The skeleton watches have had their cases partially removed or significantly modified to display these interior parts. Therefore, the timepiece makers reveal the best movements or the most attractive design within the skeleton watches. Some of them rest on your wrist providing a bare skeletal glimpse through the mechanism while other designs display various sections of the mechanics held within. When we look through the past we will see some examples of the skeleton designs in other timepieces such as Mevlevi clocks. They were very popular during the Ottoman Empire.

Ottoman sultans were fond of them because of the unique skeleton design and the ability to display the times of prayer. This perfectly reflects the meaning of a famous phrase, “Either act in accordance with the way you look, or look in accordance with the way you act!” quoted by Mevlana. These unique watches in which the case and various parts of the movement are transparent are called “open case.” There are different speculations about how this design’s origin came about. The first story reaches past into the 18th century. According to this story a soldier of Napoleon’s Grand Army had a huge problem in the middle of the war.

His rifle was damaged and needed to be repaired before the attack. So he took his knife and gently removed the metal from his watch, careful not to take any pieces from the interior.
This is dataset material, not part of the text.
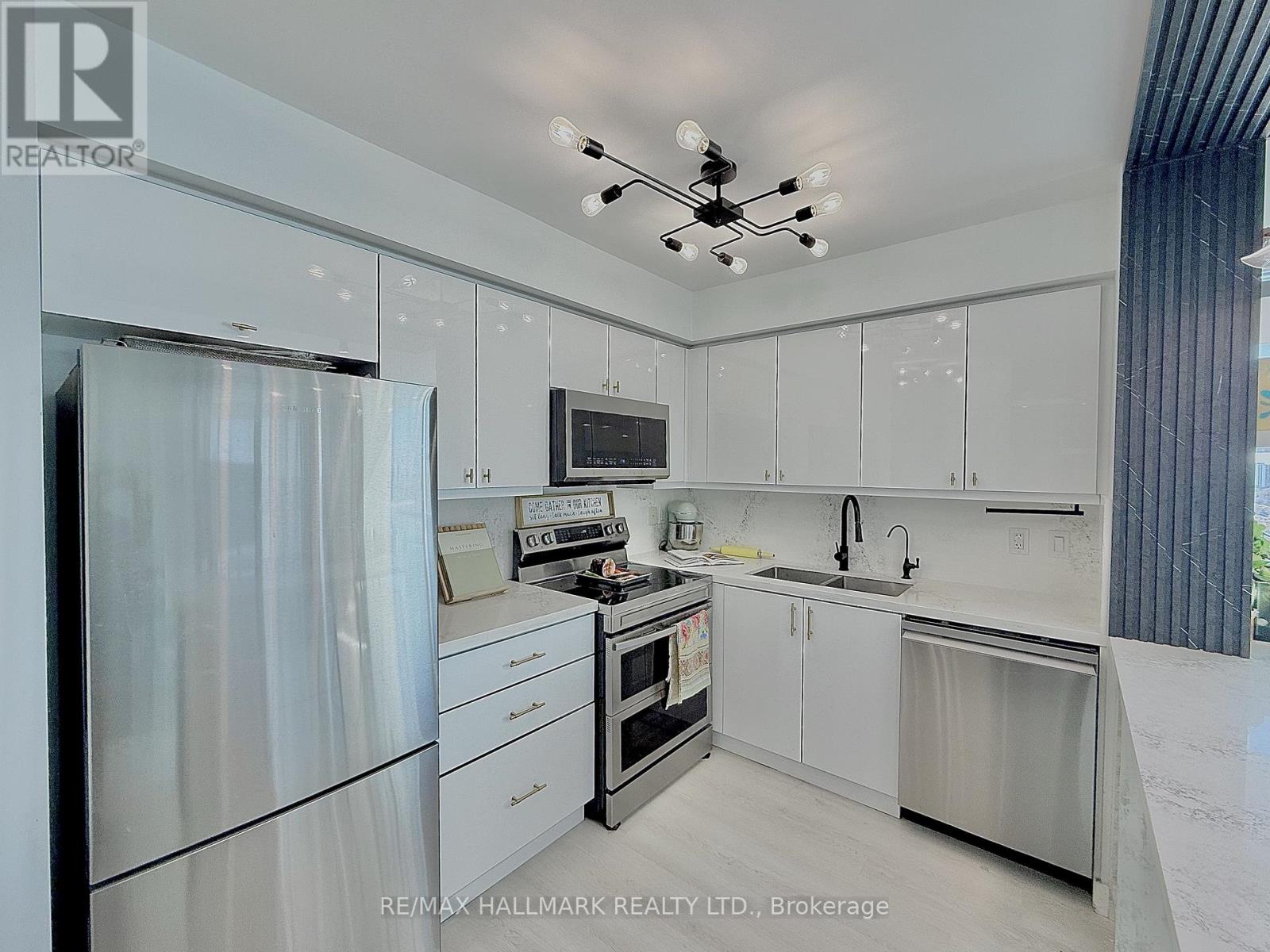 #1904 5740 YONGE STREET - 13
That watch is still exhibited in the museum of the Napoleon Army at Les Invalids in Paris. According to the second story, the father of the skeleton watch is considered to be Andre Charles Caron. He lived between 1720 and 1760 and he learned everything from his father who happened to be a master watchmaker. Andre Charles Caron was 40 years old when he made the skeleton design, which henceforth exposed their innermost secrets.

He methodically exposed open working plates, bars and bridges, to reveal what lay underneath. So for the first time we have seen the wheels and gears of classic timepieces. Watchmakers gradually began referring to expertly and minutely engraved handwork as skeletonizing. During the 1920s these transparent models were valued more and more by the manufacturers of such recognized brand names such as Vacheron Constantin and Cartier. Those models rapidly became trendier. Crystal quartz, known as a rock crystal and is believed nowadays to gather the positive energy inside, was used in these limited edition skeleton designs crystals to clearly show the watch’s interior. The skeletonized watches, which consist of the foremost models in the fine watch making industry, are typically mechanically manufactured. Some exhibit the mechanism partially hidden and the others reveal every detail beautifully, which is known “openwork models.”

They are the most beautiful models on the market today. These models are so translucent that you can see both your wrist and sophisticated functions inside their artistic creation.